= What is being asked =
Copy all data exactly. Skip pictures.
-- Dataset records follows --
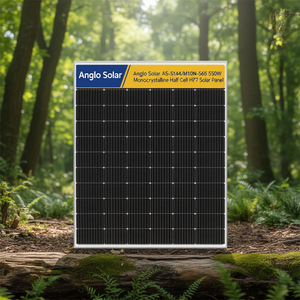 Panel Solar Monocristalino de Media Celda HJT Anglo Solar AS-S144/M10N-565 de 550W - Product Image 3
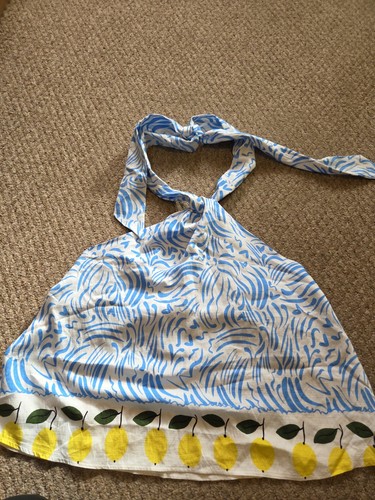 Blue and white halter neck - , top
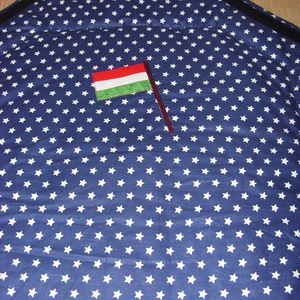 Bélelt ovis lepedő Egyedi patchwork rátét ovis jellel - derékalj 100% pamut - játék & sport - ovis felszerelés - ovis lepedő - Meska.hu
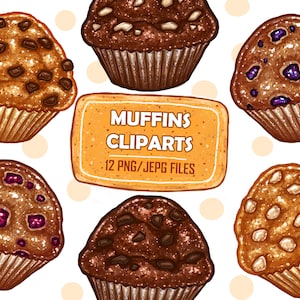 Muffins Clipart Digital Illustrations Images PNG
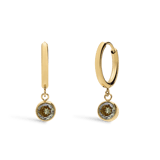 Stainless steel goldplated oorknoppen met geboortesteen November voor dames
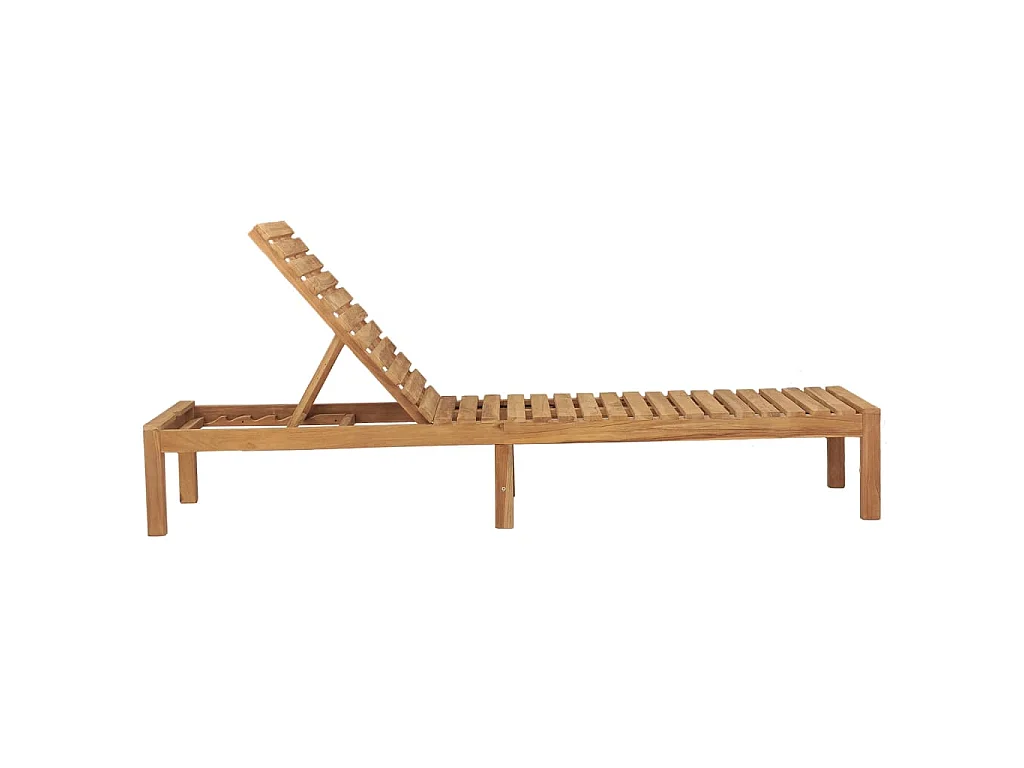 Sonnenliegen 2 Stk. Massivholz Teak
-- Dataset records concluded --
= Response box =
 Panel Solar Monocristalino de Media Celda HJT Anglo Solar AS-S144/M10N-565 de 550W - Product Image 3
 Blue and white halter neck - , top
 Bélelt ovis lepedő Egyedi patchwork rátét ovis jellel - derékalj 100% pamut - játék & sport - ovis felszerelés - ovis lepedő - Meska.hu
 Muffins Clipart Digital Illustrations Images PNG
 Stainless steel goldplated oorknoppen met geboortesteen November voor dames
 Sonnenliegen 2 Stk. Massivholz Teak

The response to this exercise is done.